Include different functions, variables or the likes from configuration files into the Databricks notebooks.

Similar to doing from library import bla

%run ./<path_to_file>/<config_file>

Databricks Utilites

# List files
dbutils.fs.ls(<path>)

# View first few rows
dbutils.fs.head(<path>)

# Delta Table API

Delta Lake provides programmatic APIs to examine and manipulate Delta tables.

from delta.tables import DeltaTable

bronzeTable = DeltaTable.forPath(spark, bronzePath)

Delta Table Update

from delta.tables import DeltaTable

silverTable = DeltaTable.forPath(spark, silverPath)

update_match = """
  health_tracker.eventtime = updates.eventtime
  AND
  health_tracker.device_id = updates.device_id
"""

update = {"heartrate": "updates.heartrate"}

(
    silverTable.alias("health_tracker")
    .merge(updatesDF.alias("updates"), update_match)
    .whenMatchedUpdate(set=update)
    .execute()
)

Delta Table Prevent Duplicate Writes

from delta.tables import DeltaTable

silverTable = DeltaTable.forPath(spark, silverPath)
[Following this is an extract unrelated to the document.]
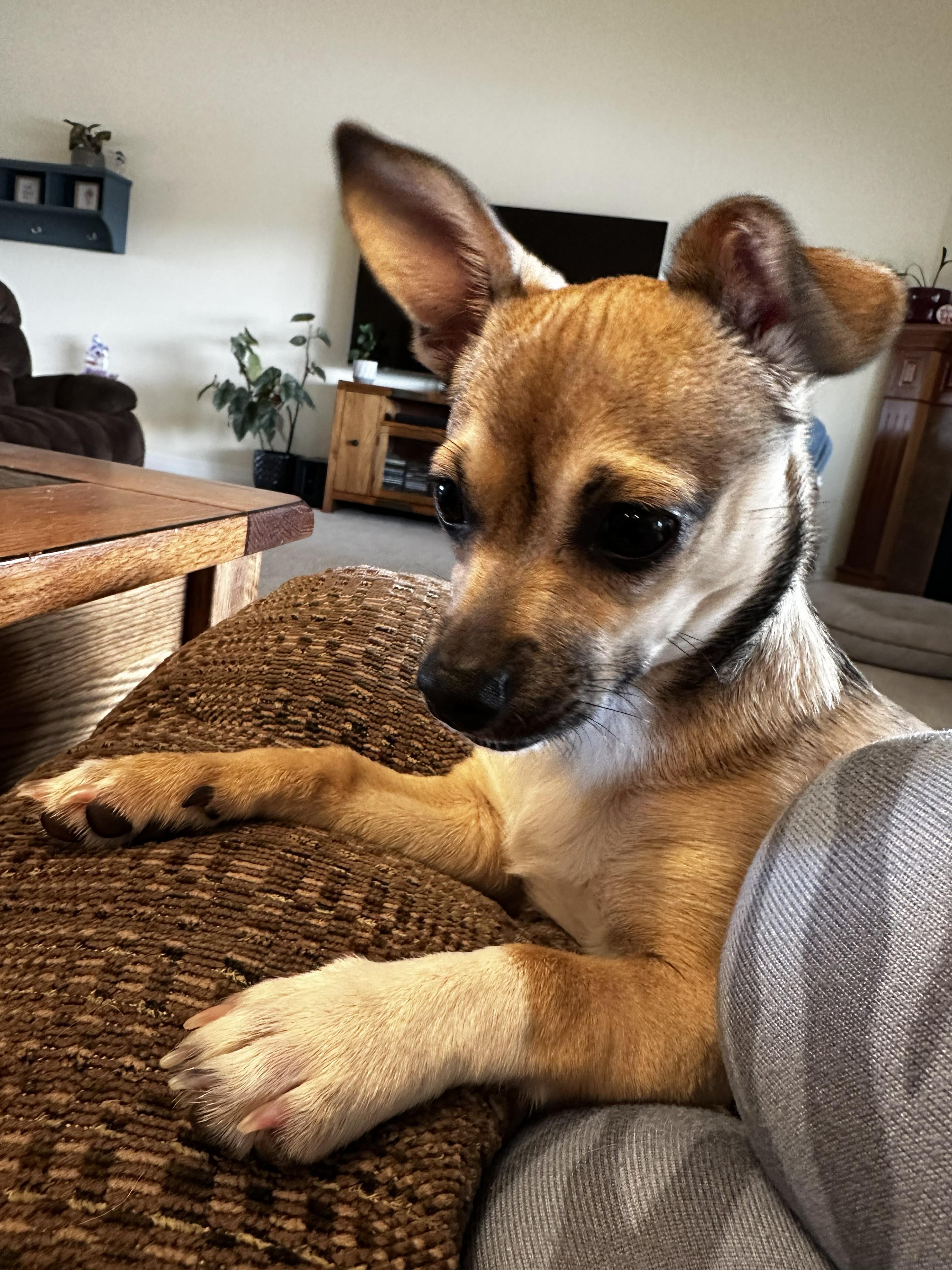 Franny, an adopted mixed breed in Union Gap, WA image 1/4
existing_record_match = """
    table.value = latearrivals.value
"""

(
    silverTable.alias("health_tracker")
    .merge(lateArrivalDF.alias("latearrivals"), existing_record_match)
    .whenNotMatchedInsertAll()
    .execute()
)

# Streams

TIP

Best practice is to avoid using .table() notation since it will create fully managed tables by writing output to a default location on DBFS.

Create a Stream

from pyspark.sql.functions import col

(
    raw_health_tracker_data_df.select(
        "datasource", "ingesttime", "value", col("ingestdate").alias("p_ingestdate")
        )
    .writeStream.format("delta")
    .outputMode("append")
    .option("checkpointLocation", bronzeCheckpoint)
    .partitionBy("p_ingestdate")
    .queryName("write_raw_to_bronze")
    .start(bronzePath)
)

Display running Streams

for stream in spark.streams.active:
    print(stream.name)

Register Table in Metastore

  • A Delta table registered in the Metastore is a reference to a physical table created in object storage.
  • Furthermore, no table repair is required
  • AWS Glue (opens new window) can be used as Metastore
spark.sql(
    """
DROP TABLE IF EXISTS health_tracker_plus_bronze
"""
)

spark.sql(
    f"""
CREATE TABLE health_tracker_plus_bronze
USING DELTA
LOCATION "{bronzePath}"
"""
)